> TASK STATEMENT
All records must be restated word for word.
* * *
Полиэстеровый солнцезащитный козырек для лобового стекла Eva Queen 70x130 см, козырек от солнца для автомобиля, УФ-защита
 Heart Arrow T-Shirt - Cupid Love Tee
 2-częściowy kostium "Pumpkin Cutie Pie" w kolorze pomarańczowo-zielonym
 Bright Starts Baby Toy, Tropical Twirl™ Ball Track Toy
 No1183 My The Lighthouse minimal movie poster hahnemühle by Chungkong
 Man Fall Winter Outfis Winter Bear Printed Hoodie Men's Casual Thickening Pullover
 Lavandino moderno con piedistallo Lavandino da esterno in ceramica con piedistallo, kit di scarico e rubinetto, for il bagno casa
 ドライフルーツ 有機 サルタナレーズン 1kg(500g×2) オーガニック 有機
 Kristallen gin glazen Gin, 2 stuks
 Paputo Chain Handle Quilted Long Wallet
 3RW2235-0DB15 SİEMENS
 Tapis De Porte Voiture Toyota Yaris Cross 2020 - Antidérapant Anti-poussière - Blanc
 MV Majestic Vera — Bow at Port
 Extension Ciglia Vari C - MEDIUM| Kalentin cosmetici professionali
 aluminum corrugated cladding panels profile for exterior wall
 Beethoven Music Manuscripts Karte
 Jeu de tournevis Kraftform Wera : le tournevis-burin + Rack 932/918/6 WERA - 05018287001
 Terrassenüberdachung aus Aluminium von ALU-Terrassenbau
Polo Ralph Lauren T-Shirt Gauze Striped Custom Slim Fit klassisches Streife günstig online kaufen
* * *
> WRITTEN ANSWER
Полиэстеровый солнцезащитный козырек для лобового стекла Eva Queen 70x130 см, козырек от солнца для автомобиля, УФ-защита
 Heart Arrow T-Shirt - Cupid Love Tee
 2-częściowy kostium "Pumpkin Cutie Pie" w kolorze pomarańczowo-zielonym
 Bright Starts Baby Toy, Tropical Twirl™ Ball Track Toy
 No1183 My The Lighthouse minimal movie poster hahnemühle by Chungkong
 Man Fall Winter Outfis Winter Bear Printed Hoodie Men's Casual Thickening Pullover
 Lavandino moderno con piedistallo Lavandino da esterno in ceramica con piedistallo, kit di scarico e rubinetto, for il bagno casa
 ドライフルーツ 有機 サルタナレーズン 1kg(500g×2) オーガニック 有機
 Kristallen gin glazen Gin, 2 stuks
 Paputo Chain Handle Quilted Long Wallet
 3RW2235-0DB15 SİEMENS
 Tapis De Porte Voiture Toyota Yaris Cross 2020 - Antidérapant Anti-poussière - Blanc
 MV Majestic Vera — Bow at Port
 Extension Ciglia Vari C - MEDIUM| Kalentin cosmetici professionali
 aluminum corrugated cladding panels profile for exterior wall
 Beethoven Music Manuscripts Karte
 Jeu de tournevis Kraftform Wera : le tournevis-burin + Rack 932/918/6 WERA - 05018287001
 Terrassenüberdachung aus Aluminium von ALU-Terrassenbau
Polo Ralph Lauren T-Shirt Gauze Striped Custom Slim Fit klassisches Streife günstig online kaufen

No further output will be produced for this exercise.